In my last post I ended rather abruptly with my little people’s response to the news that I had to have a third cancer surgery. This was November of 2013. In December 2013 I had a third lumpectomy and finally received the news, ‘We got it all.’ Thank God. It was beginning to feel like the never ending story, nightmare edition. After that surgery I still had radiation on my treatment plan. My last day of radiation was Valentine’s Day 2014. I had hoped to be at the end of my cancer journey then, but there was still this little issue with my thyroid to be addressed. The doctor wanted to send me off for surgery ASAP to have my thyroid removed, but I said no, I was so exhausted from everything else that had been going on. I got them to push the surgery out to September that year. And it’s a good thing that I did….

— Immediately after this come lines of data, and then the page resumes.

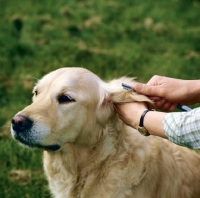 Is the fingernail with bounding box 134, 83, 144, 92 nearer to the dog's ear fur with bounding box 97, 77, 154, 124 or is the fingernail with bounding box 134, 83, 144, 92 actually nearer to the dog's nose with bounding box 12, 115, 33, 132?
the dog's ear fur with bounding box 97, 77, 154, 124

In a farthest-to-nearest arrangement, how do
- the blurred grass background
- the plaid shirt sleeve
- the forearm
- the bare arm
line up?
1. the blurred grass background
2. the forearm
3. the bare arm
4. the plaid shirt sleeve

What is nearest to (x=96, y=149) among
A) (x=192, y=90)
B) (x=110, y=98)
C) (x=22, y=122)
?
(x=110, y=98)

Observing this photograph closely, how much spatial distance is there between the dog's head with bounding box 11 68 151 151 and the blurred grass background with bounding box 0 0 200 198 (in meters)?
1.33

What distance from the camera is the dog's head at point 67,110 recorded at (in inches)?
123

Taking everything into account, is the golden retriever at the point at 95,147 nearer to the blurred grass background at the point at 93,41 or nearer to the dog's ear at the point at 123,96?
the dog's ear at the point at 123,96

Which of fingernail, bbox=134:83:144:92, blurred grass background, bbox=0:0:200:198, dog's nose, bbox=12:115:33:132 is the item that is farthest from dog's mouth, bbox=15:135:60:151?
blurred grass background, bbox=0:0:200:198

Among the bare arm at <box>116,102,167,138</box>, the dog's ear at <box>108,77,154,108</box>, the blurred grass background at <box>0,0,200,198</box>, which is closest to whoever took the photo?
the bare arm at <box>116,102,167,138</box>

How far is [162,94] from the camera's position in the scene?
129 inches

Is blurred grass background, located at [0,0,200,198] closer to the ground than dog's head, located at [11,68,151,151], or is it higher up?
closer to the ground

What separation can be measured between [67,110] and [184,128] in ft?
2.97

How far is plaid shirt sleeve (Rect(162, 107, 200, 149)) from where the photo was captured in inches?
108

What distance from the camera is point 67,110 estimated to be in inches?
128

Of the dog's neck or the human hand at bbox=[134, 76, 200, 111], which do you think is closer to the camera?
the human hand at bbox=[134, 76, 200, 111]

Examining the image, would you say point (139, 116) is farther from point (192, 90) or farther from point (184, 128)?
point (192, 90) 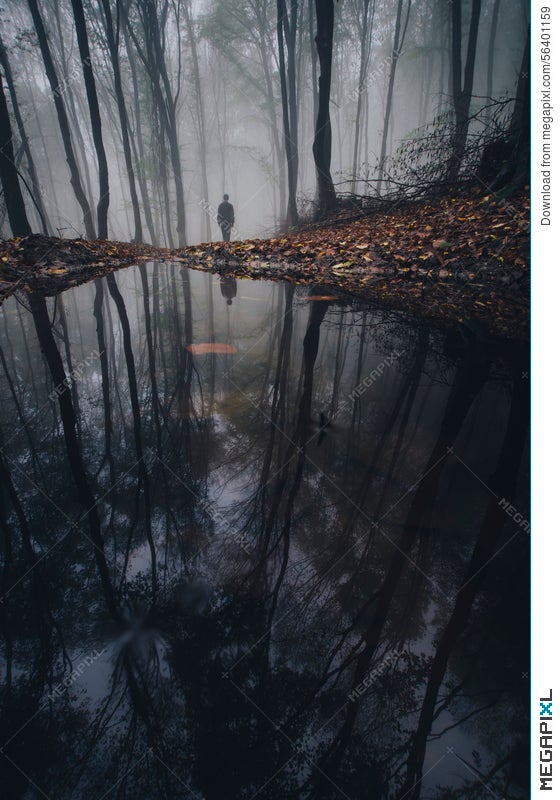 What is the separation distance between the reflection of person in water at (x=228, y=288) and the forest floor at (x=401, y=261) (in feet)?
1.95

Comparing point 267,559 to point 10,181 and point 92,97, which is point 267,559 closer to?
point 10,181

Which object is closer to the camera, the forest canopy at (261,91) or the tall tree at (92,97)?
the forest canopy at (261,91)

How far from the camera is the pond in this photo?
734 mm

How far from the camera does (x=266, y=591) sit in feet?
3.45

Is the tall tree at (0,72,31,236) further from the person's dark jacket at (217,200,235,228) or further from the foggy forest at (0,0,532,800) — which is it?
the foggy forest at (0,0,532,800)

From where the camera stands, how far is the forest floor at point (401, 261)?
4.21 meters

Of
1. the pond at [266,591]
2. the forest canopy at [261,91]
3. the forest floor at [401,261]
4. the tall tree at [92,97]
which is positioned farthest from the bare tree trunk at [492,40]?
the pond at [266,591]

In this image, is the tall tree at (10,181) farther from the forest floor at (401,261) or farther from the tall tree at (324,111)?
the tall tree at (324,111)

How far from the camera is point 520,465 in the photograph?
1.63 metres

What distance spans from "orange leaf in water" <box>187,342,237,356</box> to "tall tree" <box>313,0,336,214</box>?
9625mm

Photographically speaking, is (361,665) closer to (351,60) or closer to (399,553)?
(399,553)

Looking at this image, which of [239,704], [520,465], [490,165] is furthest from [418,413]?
[490,165]

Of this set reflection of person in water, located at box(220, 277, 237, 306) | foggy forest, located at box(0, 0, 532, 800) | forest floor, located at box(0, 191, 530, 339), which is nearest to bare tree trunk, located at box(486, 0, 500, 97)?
forest floor, located at box(0, 191, 530, 339) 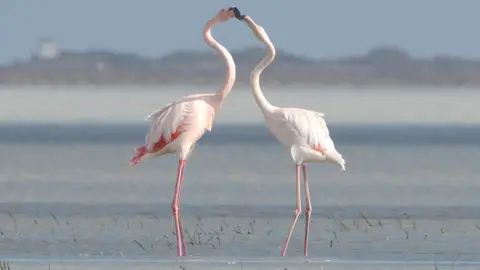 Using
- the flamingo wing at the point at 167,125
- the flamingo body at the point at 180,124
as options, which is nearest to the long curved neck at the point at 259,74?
the flamingo body at the point at 180,124

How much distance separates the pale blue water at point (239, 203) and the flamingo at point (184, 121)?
713 mm

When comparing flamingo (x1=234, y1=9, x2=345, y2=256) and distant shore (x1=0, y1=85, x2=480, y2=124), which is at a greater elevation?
distant shore (x1=0, y1=85, x2=480, y2=124)

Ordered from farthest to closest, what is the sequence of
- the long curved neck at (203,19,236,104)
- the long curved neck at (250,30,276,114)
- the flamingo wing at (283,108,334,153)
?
the long curved neck at (203,19,236,104)
the long curved neck at (250,30,276,114)
the flamingo wing at (283,108,334,153)

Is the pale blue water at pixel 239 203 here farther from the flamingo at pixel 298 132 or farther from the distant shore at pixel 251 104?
the distant shore at pixel 251 104

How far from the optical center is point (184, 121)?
11562mm

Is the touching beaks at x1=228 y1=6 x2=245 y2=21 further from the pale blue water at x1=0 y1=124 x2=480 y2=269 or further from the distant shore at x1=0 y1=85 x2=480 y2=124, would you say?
the distant shore at x1=0 y1=85 x2=480 y2=124

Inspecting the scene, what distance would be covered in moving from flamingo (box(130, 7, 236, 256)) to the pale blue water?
2.34 feet

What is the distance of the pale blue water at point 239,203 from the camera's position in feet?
39.5

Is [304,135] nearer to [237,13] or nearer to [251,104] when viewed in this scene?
[237,13]

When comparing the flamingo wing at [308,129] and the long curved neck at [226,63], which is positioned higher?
the long curved neck at [226,63]

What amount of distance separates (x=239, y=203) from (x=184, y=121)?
174 inches

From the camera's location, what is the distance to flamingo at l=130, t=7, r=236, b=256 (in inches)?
455

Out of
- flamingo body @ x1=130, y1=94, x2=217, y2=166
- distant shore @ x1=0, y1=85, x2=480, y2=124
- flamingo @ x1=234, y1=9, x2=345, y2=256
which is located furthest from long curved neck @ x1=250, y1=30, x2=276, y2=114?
distant shore @ x1=0, y1=85, x2=480, y2=124

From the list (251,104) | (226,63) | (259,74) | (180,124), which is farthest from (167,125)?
(251,104)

Around June that year, somebody finally woke up and realized that I wasn’t taking any thyroid medication. Apparently I had been needing it for awhile and my labs done the previous summer reflected that, but somebody dropped the ball on it. Here I was just staggering around without a clue in the world. So, they finally get this figured out and one of my doctors gets a script filled for a synthetic thyroid medication. I picked it up and grudgingly started taking it. It’s difficult to describe what happened next.

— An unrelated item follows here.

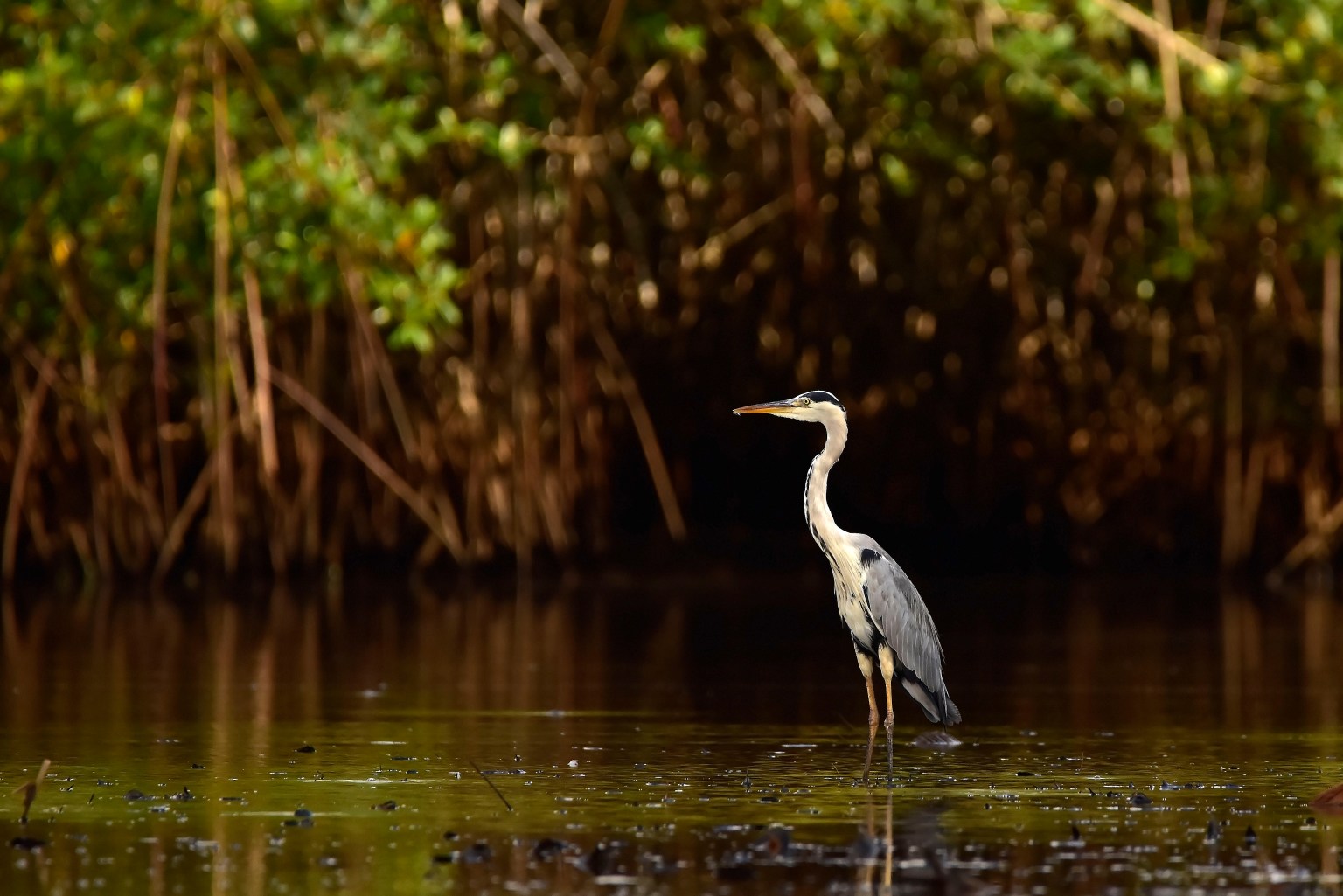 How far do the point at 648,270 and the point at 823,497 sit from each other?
31.1 feet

Have you ever seen the tv show Stargate SG-1? On the show there are these evil alien parasites. They kind of look like a scary snake and a piranha had a child together. These little scary aliens then attack people, climbing into their bodies with them, wrap around their spinal cord and proceed to take over the humans body. The human is helpless, watching the world go on before their eyes and watching their very own bodies betray them and perform all sorts of atrocities. They are a prisoner inside their own head, unable to control their body or their voice. Meanwhile evil is running the roost. Now, imagine being that person. That was kind of what it was like.
Shortly after starting the thyroid medications, I started experiencing some…changes. I really don’t remember a lot of the leading up moments, mostly just the ‘light bulb’ moment when I really realized that there was a major problem. I was standing in my kitchen, yelling at my family like some kind of deranged lunatic, when the thought suddenly popped into my head, ‘I’m not even angry. Why am I yelling?’ But I couldn’t stop. It was like there was something else driving my movements and it wasn’t me. After thinking about when it had started, I came to the conclusion that it must have something to do with the thyroid medication. So I quit taking it. I went in to the doctor and said, ‘Look, doc. I would rather not take that medication and die young, than live to be ninety and have everybody show up to my funeral only to say, ‘Thank god that B!#$% has finally died!’’ (Please excuse my language here. I was not in a good place.) Thankfully, the doctor took my concerns to heart and got me switched over to a different medication that did not make me crazy. Thank You Jesus!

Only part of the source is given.